Przyszliśmy tylko wesprzeć schronisko. Jesteśmy właścicielami kota, mój wnuk też ma w domu kotka, także kolejnego nie weźmiemy, ale zawsze chętnie oglądamy i wspieramy. Kota wzięliśmy od znajomych, u których kotka się okociła. Nie mieli co z nimi zrobić dlatego od nich wzięliśmy. To nasz drugi kot. Pierwszy był z nami 16 lat. Tego mamy już 5 lat. Jest bardzo towarzyski, lubi się pieścić. Śpi u mojego męża w nogach, niestety nie w moich, ale potem przychodzi do mnie, żeby go pomiziać
– opowiada pani Beata, która wraz z córką Kasią i wnukiem Aleksem wrzucali banknoty do schroniskowej puszki.
Wszyscy kociarze potwierdzają, że kot też może być najlepszym czworonożnym przyjacielem człowieka.

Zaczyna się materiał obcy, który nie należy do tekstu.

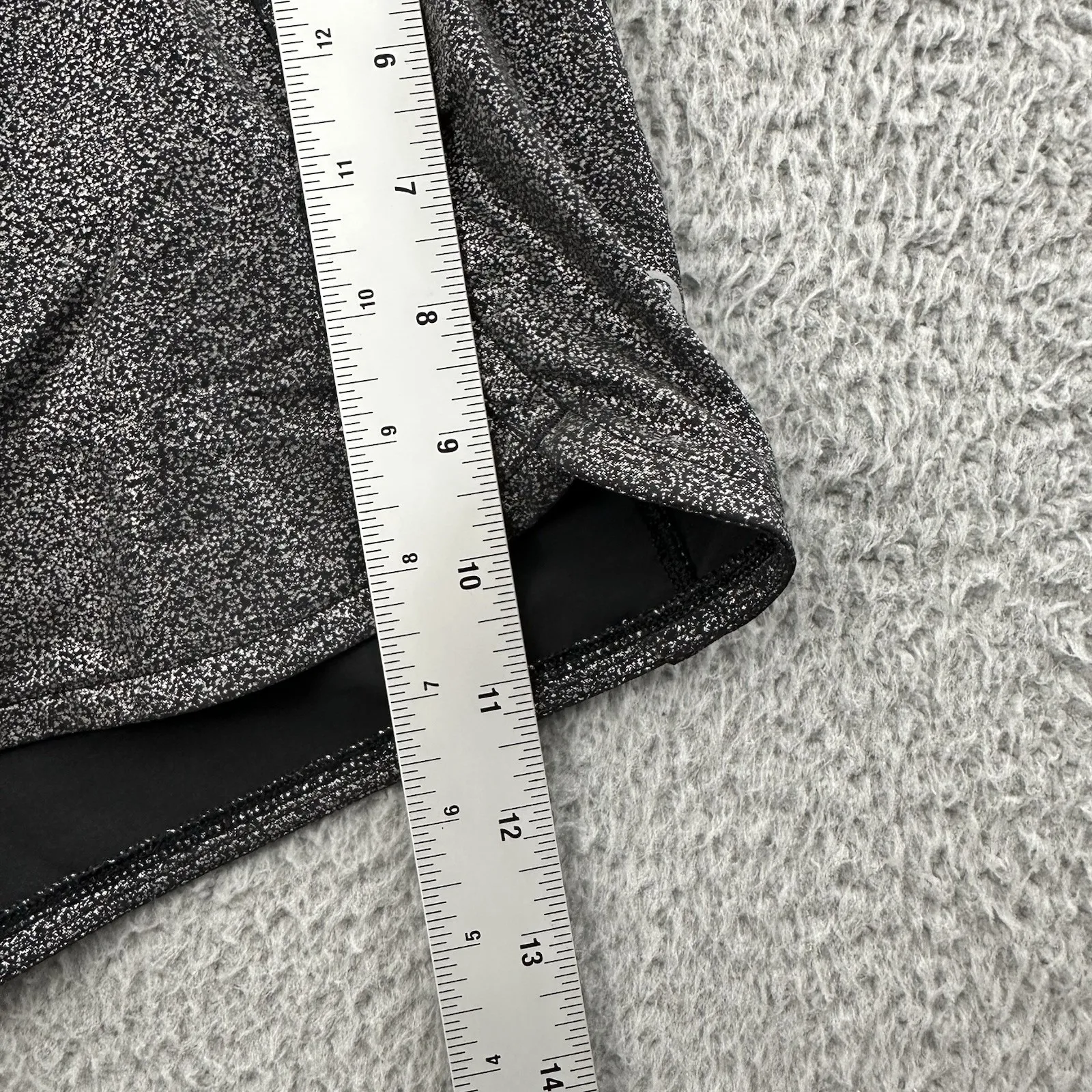 Lululemon Run Times Shorts‎ Low Rise 4" Luminosity Foil Black Athletic Running 8 - Image 11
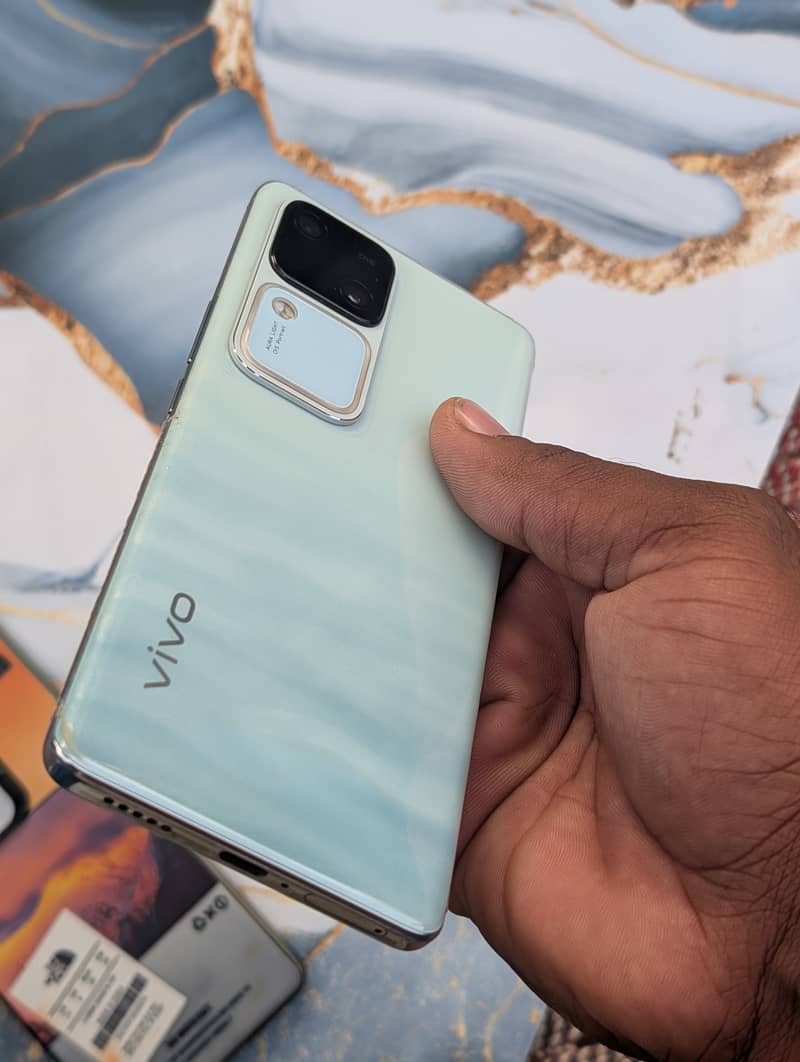 Vivo V30 5G 6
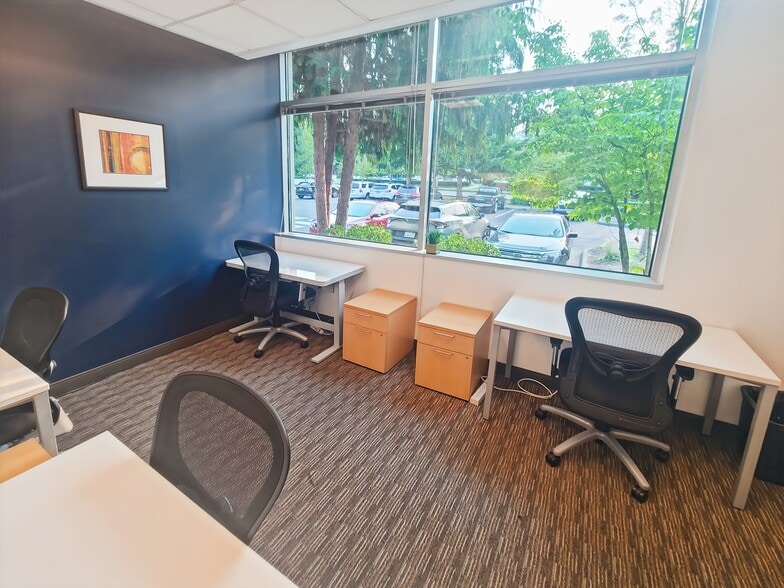 More Photos Of 22722 29th Dr SE, Bothell Coworking Space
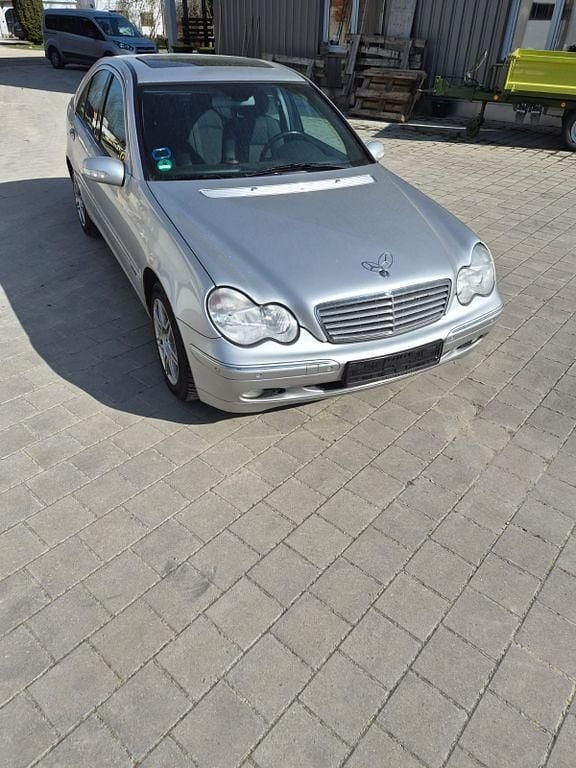 Gebraucht Mercedes C240 Elegance 170 PS (125 kW) 2001 Silber Limousine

Dzisiaj tylko oglądamy, bo mamy już dwa kotki w domu. Ale marzymy o powiększeniu tego kociego grona. Mówi się, że kot to jest samotnik, ale często to są przylepy. Dają dużo radości, odwdzięczają się za miłość, którą im się okazuje. Moje koty pojawiły się w domu zanim urodziłam dzieci. Kotka od razu je zaakceptowała i otoczyła opieką. Czuwała na dziećmi i przybiegała do mnie sygnalizując, że coś się dzieje z dzieckiem. Nawet teraz, gdy dzieci są większe, jak na przykład któreś się uderzy, to pierwsza biegnie sprawdzić co się stało. To jest mama wszystkich domowników
–stwierdza pani Małgorzata.
Chetnie bym przyszla, ale zero informacji i promocji wydarzenia.

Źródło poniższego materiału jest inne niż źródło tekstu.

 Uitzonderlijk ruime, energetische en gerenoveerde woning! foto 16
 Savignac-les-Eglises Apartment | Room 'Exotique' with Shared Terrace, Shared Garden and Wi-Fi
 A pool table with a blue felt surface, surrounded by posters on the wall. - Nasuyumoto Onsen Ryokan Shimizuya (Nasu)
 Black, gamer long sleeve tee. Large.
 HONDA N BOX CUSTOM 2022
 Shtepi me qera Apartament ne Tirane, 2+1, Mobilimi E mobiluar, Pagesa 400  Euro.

Szkoda, że wcześniej nie było żadnej informacji. Zawsze dowiaduję się po....:(
Informacja wczesniej byla ale najlepiej narzekac po wszystkim ale pomijajac ten fakt to do czego ten Elblag zmierza....koty na hali....ot atrakcje...
Mamy nie wychodzić z domu aby walczyć z wirusem. Miasto i organizatorzy maja to gdzieś. Wystawę było można nagłośnić przez media. Osoby zainteresowane oglądając zdjęcia lub krótkie filmiki z Kotami . Taki sposób znalazły swoje domy.